A continent-wide version of that would necessarily sever these ties altogether. (Who would get relegated, to where?) Elite football would become formally, as well as de facto, an oligarchy of extremely wealthy clubs. Everything else would be reduced to the status of minor-league baseball in America - effectively a proving ground for new ‘talent’. Some of that infrastructure already exists, with owners (including the Abu Dhabi crowd that owns City and, of course, Red Bull) acquiring a growing portfolio of clubs, and the best players being siphoned upwards into the elite outfits - a cheaper option than wrestling with super-agents and rival teams on the open transfer market. In baseball, this system is close to a century old, and is charmingly called ‘farming’.

Class element

Part of the urgency of the situation for City, then, is that a lot may depend on who has a seat when the music stops on football as we know it. And part of the urgency for Uefa is making sure that it is integral to this brave new world, which is by no means guaranteed. Few enough people doubt that this will happen one way or another, so obviously is it the terminal point of the game’s development over the last three decades.

Football, certainly throughout its modern history, has always had an edge of class struggle, beginning with the expropriation of a traditional peasant game by the English public schools and its codification by such types, which was partially reversed by the successive revolutions in play and organisation imposed by teams of working class men in Scotland and England. As the game spread to other countries, it did so confusingly in both forms at once; the public school elite heritage is visible in team names like Newell’s Old Boys (Argentina) and Young Boys (Switzerland). The proletarian and otherwise plebeian side shows up in the slum boys who became some of the great individual geniuses of the game in Brazil; the importance in the English game of overtly socialist managers like Brian Clough, Bill Shankly and even Alex Ferguson; and in the profile above all of football supporters in the game’s strongholds.

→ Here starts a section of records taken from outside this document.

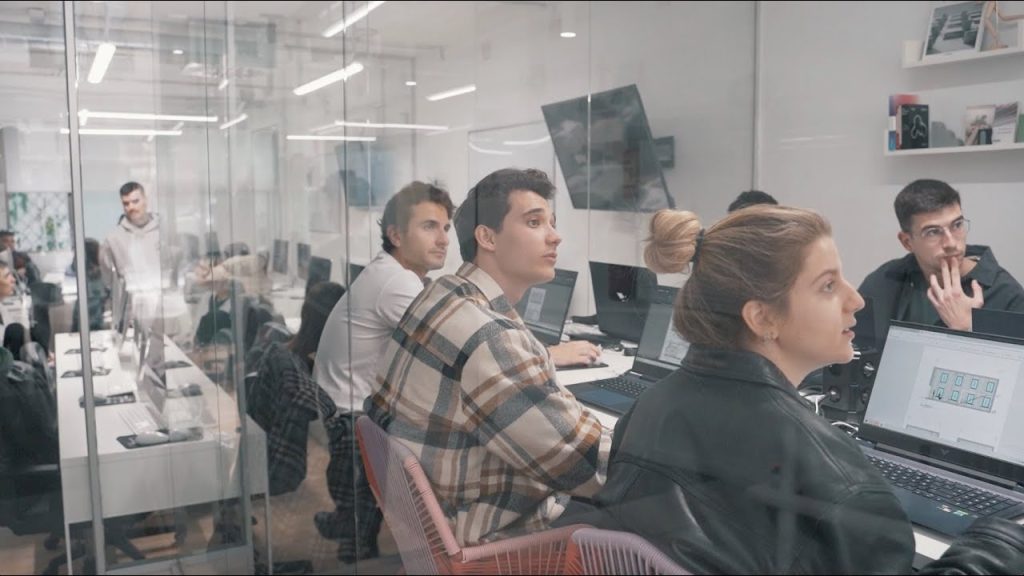 cei marketing digital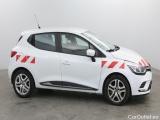  Renault  Clio DCI 75 ENERGY E6C ZEN  #6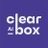 Clearbox Logo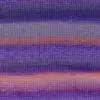 blauviolet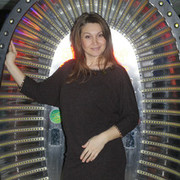 ���������� ������, ���� ������� �����, 48 ���, ������������ ��� ������, ����� � ���������, c�������� ���������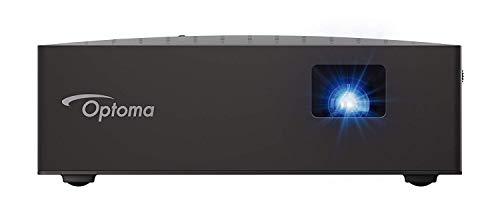 10 Best Sharp Pocket Projectors Of 2023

Its expropriation by the old elite of the public schools was abortive, then; the more recent raid on the most universally successful form of mass popular culture outside of the major world religions (not necessarily outside of them, depending on who you ask ... ) by those elites’ successors - the financiers, media moguls and their fossil-fuel-oligarch friends - is rapidly reaching its completion.

Football fans are historically underserved by the left, which is suspicious of the apparently divisive tribalism of ultra-culture and - more and more - of the promotion of a shallow, acquisitive consumerism, as the players get richer and more flash (to say nothing of the lingering spectre of racism and sexism in the stands, and quasi-fascist groupings like the English Defence League and Democratic Football Lads Alliance). The few bright spots are the overtly leftwing clubs - notably Hamburg’s FC Sankt Pauli, who have a vibrant following in global antifa circles.

Nevertheless, there is a real ground for this unease, but it becomes a self-fulfilling prophecy: one more piece of evidence for demagogues to cite, when they decry the left as fundamentally middle class, and implicitly or explicitly opposing a mythical ‘working class culture’ which is macho, patriotic and whatever else; making football culture more alienating to the left; and so on.

Labour’s election manifesto in December did contain a whole section on reforms to football, which aimed to mitigate the kleptocratic side of the game, and, while it was good of the inveterate Arsenal fan, Jeremy Corbyn, to actually try, the actual policy prescriptions were extremely modest - not even going so far as the existing German system on fan ownership, for example.

The revolutionary left ought not to be so timid: football’s disastrous marriage to money must be annulled entirely. The changes to the game will be considerable, but it will be ours again.